Un regard optimiste sur l’Afrique: « Le Garçon qui dompta le vent »
Un regard optimiste sur l’Afrique: « Le Garçon qui dompta le vent »

Présenté au 69e Festival du film de Berlin en février dernier, Le Garçon qui dompta le vent est disponible sur Netflix depuis début mars. Coproduit avec la BBC, le premier film de l’acteur anglo-nigérian Chiwetel Ejiofor – révélé par Spielberg dans Amistad en 1997 et tête d’affiche de Twelve Years a Slave en 2013 -, est l’adaptation du livre éponyme publié par William Kamkwamba en 2009. Il y retraçait son histoire, celle d’un garçon né dans une région rurale très pauvre du Malawi qui, à 14 ans, inventa avec les moyens du bord une éolienne alimentant une pompe. Permettant l’irrigation des champs du village durant la grave sécheresse de 2002, cette éolienne sauva de la famine la famille et la communauté du gamin. Depuis, celui-ci porte la bonne parole, partout dans le monde, pour partager son témoignage.

« J’ai été très inspiré et très ému par l’histoire de William, par son espoir, son optimisme, par le fait qu’il ait été capable de trouver une solution à ses problèmes, nous expliquait Chiwetel Ejiofor à Berlin. Ce que je voulais aussi réussir à capturer, c’était la description authentique du Malawi. C’est très cru, réaliste, mais c’est justement cela qui permet de mieux comprendre la beauté et l’optimisme de cette histoire. »

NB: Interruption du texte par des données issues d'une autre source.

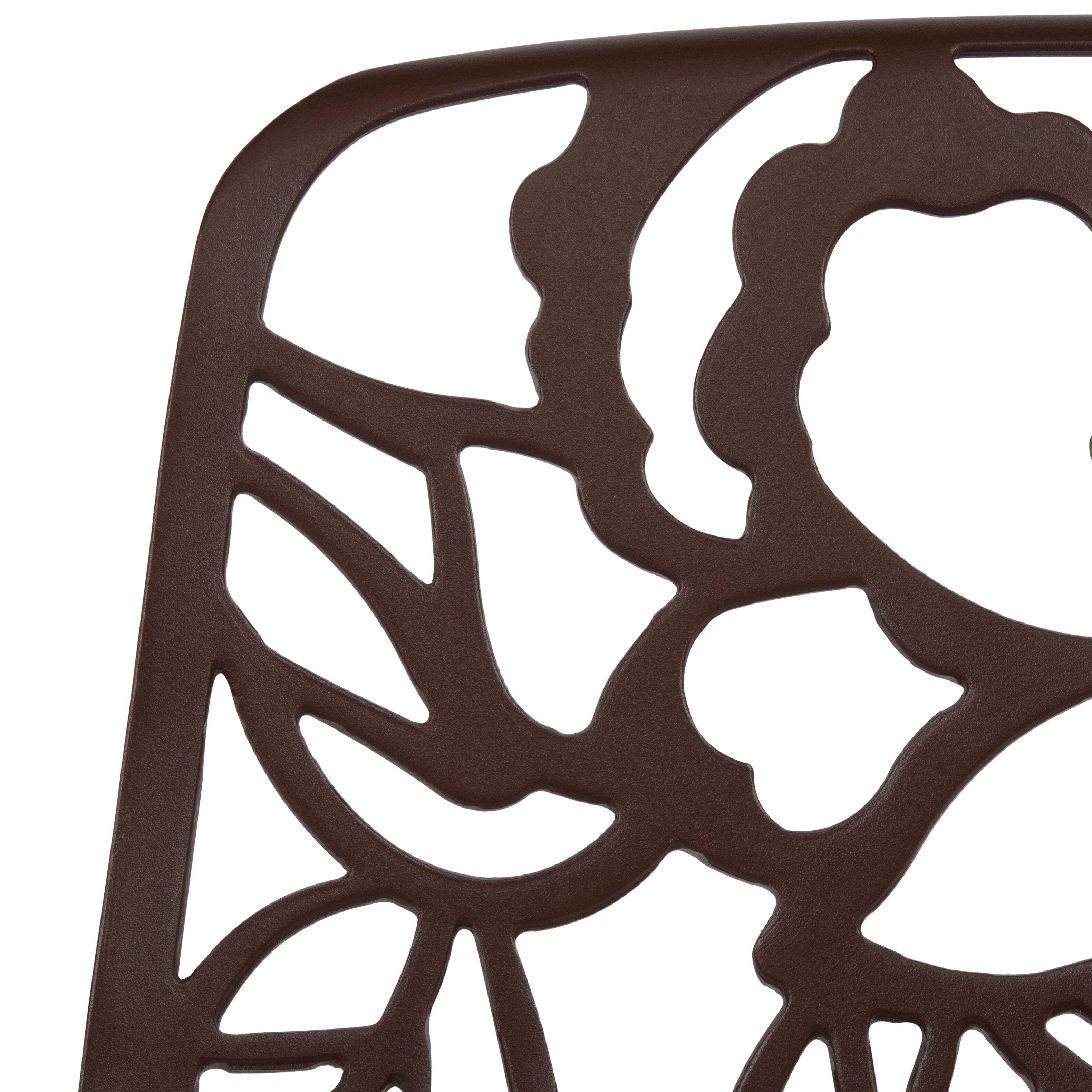 Alt View 6. LeisureMod - Devon (Set of 2) Aluminum Outdoor Dining Chair, UV Resistant & Stackable Floral Design Accent Chair - Fully Assembled - Brown.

Refus de l’européocentrisme

Jouant lui-même le père du jeune héros face à la Franco-Sénégalaise Aïssa Maïga dans le rôle de la mère, Chiwetel Ejiofor signe une adaptation plutôt efficace. Malgré son côté assez édifiant (le triomphe du courage et de la volonté sur l’adversité), le film parvient en effet à toucher une corde sensible. Notamment par son refus d’une approche européocentrée, comme c’est trop souvent le cas. En effet, pas ici de personnage blanc pour servir de guide au spectateur. « Pourtant, j’ai le sentiment que l’Europe et l’Occident font par partie de cette histoire, même s’ils ne sont pas représentés à travers des personnages, ironise l’acteur-réalisateur. Il y a un lien très clair entre toutes ces dynamiques. Ce que William a réalisé dans son village au Malawi peut sembler être à échelle microscopique mais cela s’insère dans un cadre macroscopique global. Si on parle de changement climatique et de ses impacts sur l’environnement, de système économique ou d’introduction de la démocratie, l’Occident a un grand rôle à jouer. »

Pendant le montage, Chiwetel Ejiofor a montré Le garçon qui dompta le vent à deux grands cinéastes avec lesquels il a tourné : Stephen Frears (il était dans Dirty Pretty Thingsen 2002) et Steve McQueen (12 Years a Slave). « Ce qui a marqué Frears, c’est l’aspect économique, l’influence de l’économie occidentale sur l’économie africaine, cette idée de la régulation globale des prix et des marchés et de ses conséquences sur les gens aux pieds de l’échelle. McQueen, lui, était très investi dans la dynamique père-fils. Avoir ces conversations a vraiment été très utile quand je retournais ensuite en salle de montage », se souvient-il.

Quête d’authenticité

Le livre de William Kamkwamba, qui accompagnait le cinéaste à Berlin pour défendre le film, Ejiofor l’a lu dès 2009. Et comme le héros a lutté pour mettre au point son éolienne, le futur réalisateur a dû se battre pour porter son projet jusqu’au bout. « Cela résonnait tellement en moi, avec mes expériences personnelles au Nigeria, qui sont très différentes mais avec aussi de vraies similarités, notamment dans les communautés rurales, confie-t-il. Je n’avais rien vu au cinéma qui avait montré cela. J’ai donc essayé de le rendre de la façon la plus authentique possible… »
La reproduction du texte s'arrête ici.